So I have to prove
$$\frac{1}{2\pi} \int_0^{2\pi} \cos^{2k}(\theta)\,d\theta = \frac{(2k)!}{2^{2k} (k!)^2} \,\,\,\,\,\,\,\,\forall k \in \mathbb N \,\cup \{0\}$$
Following the next hint:
$\textbf{First, prove}$
$$\frac{1}{2\pi} \int_0^{2\pi} \frac{d\theta}{w+\cos(\theta)} = \frac{1}{\sqrt{w^2 - 1}}$$
$\forall w\in \mathbb C -[-1,1]$
(This part is realtively easy, using the residue theorem)

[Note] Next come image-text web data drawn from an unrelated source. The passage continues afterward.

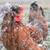 PAIR SWEDISH FLOWER HEN BREED 6 thumbnail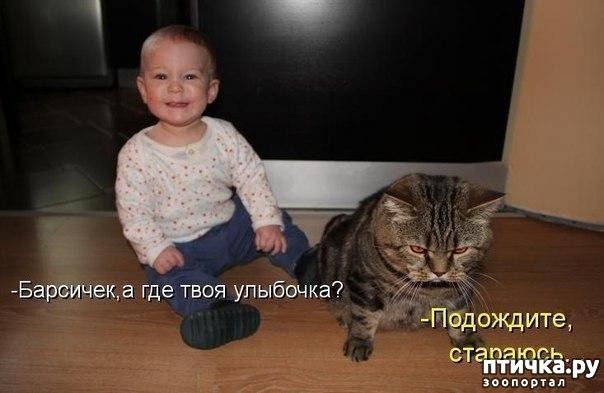 Барсичек, а где твоя улыбочка? Подождите, стараюсь. птичка.ру зоопортал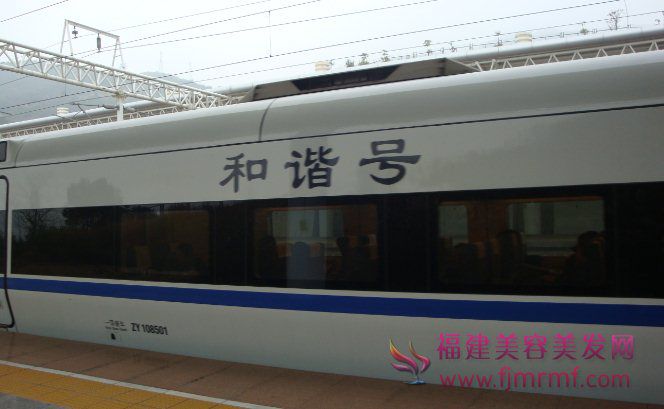 动车网络购票网(wǎng)站(zhàn) 和谐号(hào) 动车(chē)网络购(gòu)票网(wǎng)站 和谐(xié)号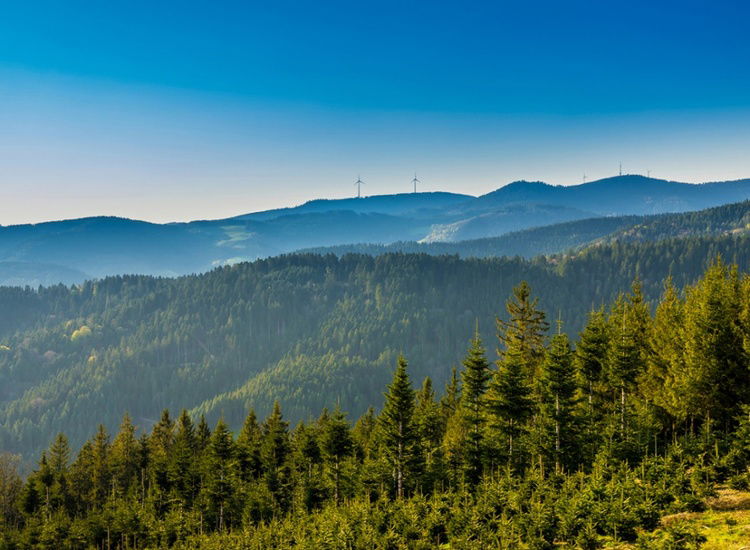 Erleben Sie unvergessliche Tage zwischen Schwarzwald und Straßburg!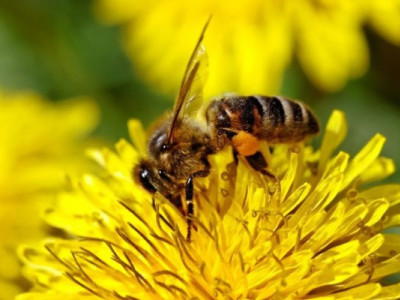 Аграріям нагадують: як обробляти поля, щоб не вбити бджіл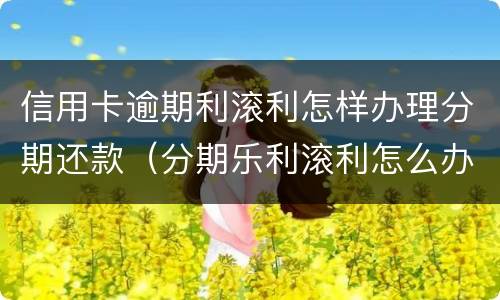 信用卡逾期利滚利怎样办理分期还款（分期乐利滚利怎么办）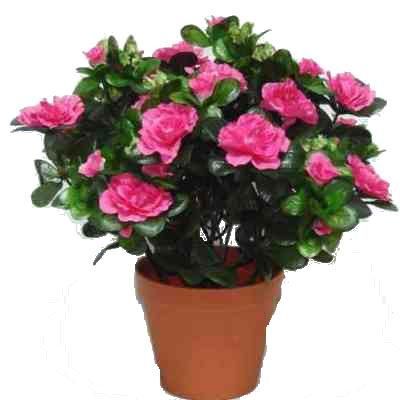 Азалия Хелстен 12/30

$\textbf{Then, expand each member of the equality in power series centered at $\infty$}$
This second hint is confusing; basically, I don't know how to express the Laurent series for both functions at a neighborhood of infinity (that doesn't contain the line segment $[-1,1]$).
I know there are solutions to the main problem, but I have to use the given hints, and I am very interested in the calculation of the Laurent series of the formulas given above, and how could those help me prove the main statement.
Thanks in advance for trying to solve this
\begin{align} \int_0^{2\pi}\frac{d\theta}{w+\cos\theta} &=w^{-1}\int_0^{2\pi}\frac{d\theta}{1+w^{-1}\cos\theta} =\int_0^{2\pi}\sum_{n=0}^\infty(-1)^n w^{-n-1}\cos^n\theta\,d\theta\\& =\sum_{m=0}^\infty w^{-2m-1}\int_0^{2\pi}\cos^{2m}\theta\,d\theta \end{align} as the integral of $\cos^n\theta$ vanishes for even $n$.